Le processus d'ancrage générique ne s'arrête pas pour autant, et il est favorisé par l'effervescence formelle et théorique du symbolisme. C'est alors qu'apparaissent les formules tautologiques qui seront souvent reprises par la suite. On lit par exemple dans La Revue blanche au moment où paraît Divagations que «le poème en prose présente ce caractère général que la prose, matière première, y est soumise à des exigences analogues aux poétiques[xvii]»: la formule convient assez bien à la production courante des revues littéraires, du Mercure de France à Vers et prose, et jusqu'aux débuts de la N.R.F.[xviii].

Mais au même moment l'histoire recommence.

La venue au premier plan de Rimbaud autour de 1908, et le glissement vers les Illuminations d'une référence longtemps centrée sur les poèmes en vers, Bateau ivre ou Voyelles, jouent un rôle décisif dans cette redéfinition.
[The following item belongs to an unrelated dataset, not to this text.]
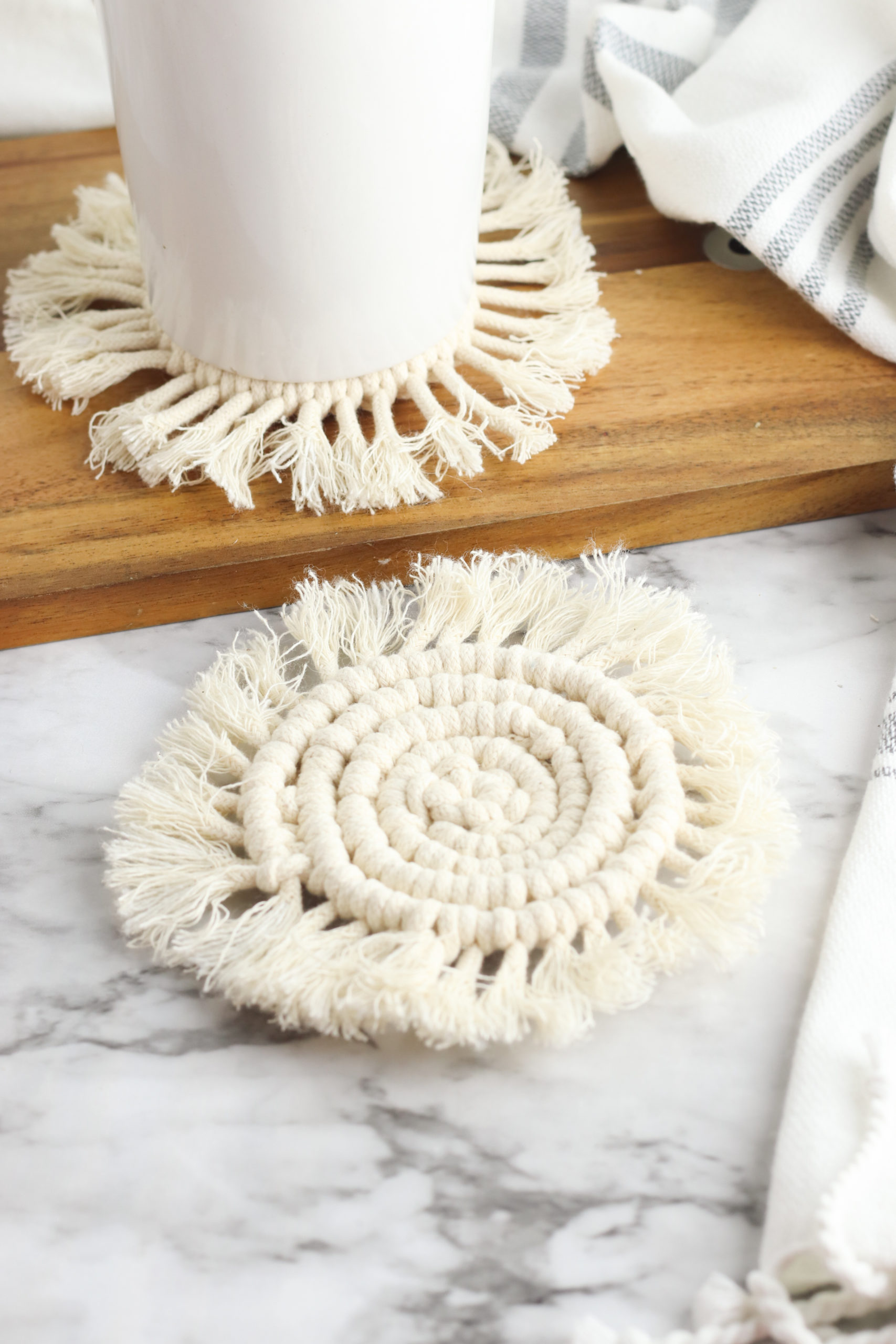 boho-macram-coaster-step-by-step-tutorial-the-sweetest-digs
Trois noms doivent ici être avancés: Fargue, Reverdy, Max Jacob.

Les Poëmes de Fargue paraissent en 1912. La gestation a été interminable: les avant-textes[xix] montrent que le poème n'est pas un objet fermé, mais un assemblage de moments d'évocation que le travail préparatoire fait circuler d'un texte à l'autre, procédant par reprises et collages. Ce que nous lisons, c'est le stoppage par lassitude, sous la pression des éditeurs ou des amis, d'un poème ininterrompu. Le titre s'est imposé peut-être par défaut, se substituant à Nocturnes qui insistait trop sur l'analogie musicale et sur la filiation avec Bertrand. Mais c'est un choix significatif: il installe l'œuvre à un point neutre, où tous les genres et les formes existent comme compossibles sans qu'aucun soit revendiqué. Fargue n'entend pas s'approprier le genre du poème en prose. Bien au contraire, souligne Larbaud, «dans ces Poèmes la prose —nette et solide et sage […] —la prose a été imposée à l'auteur[xx]». Dans le partage que j'ai évoqué, Fargue incline ainsi du côté de Baudelaire. La parenté des Poèmes avec les chroniques (reprises dans plusieurs recueils, dont Le Piéton de Paris) atteste de l'ancrage du genre dans les supports périodiques ; poèmes et chroniques entretiennent aussi un rapport obscur mais essentiel avec la parole vivante, cette conversation pour laquelle Fargue disposait de dons exceptionnels. Mais plus nettement que chez Baudelaire la prose suffit à la poésie ; elle contient toutes les formes possibles de la prose, tous les modèles attestés du poème en prose, dont l'histoire est récapitulée dans un jeu d'allusions et d'échos, tous les schémas canoniques du vers; elle est tout cela à la fois, non par juxtaposition comme dans l'éclectisme polymorphe, mais dans l'épaisseur de sa profonde unité.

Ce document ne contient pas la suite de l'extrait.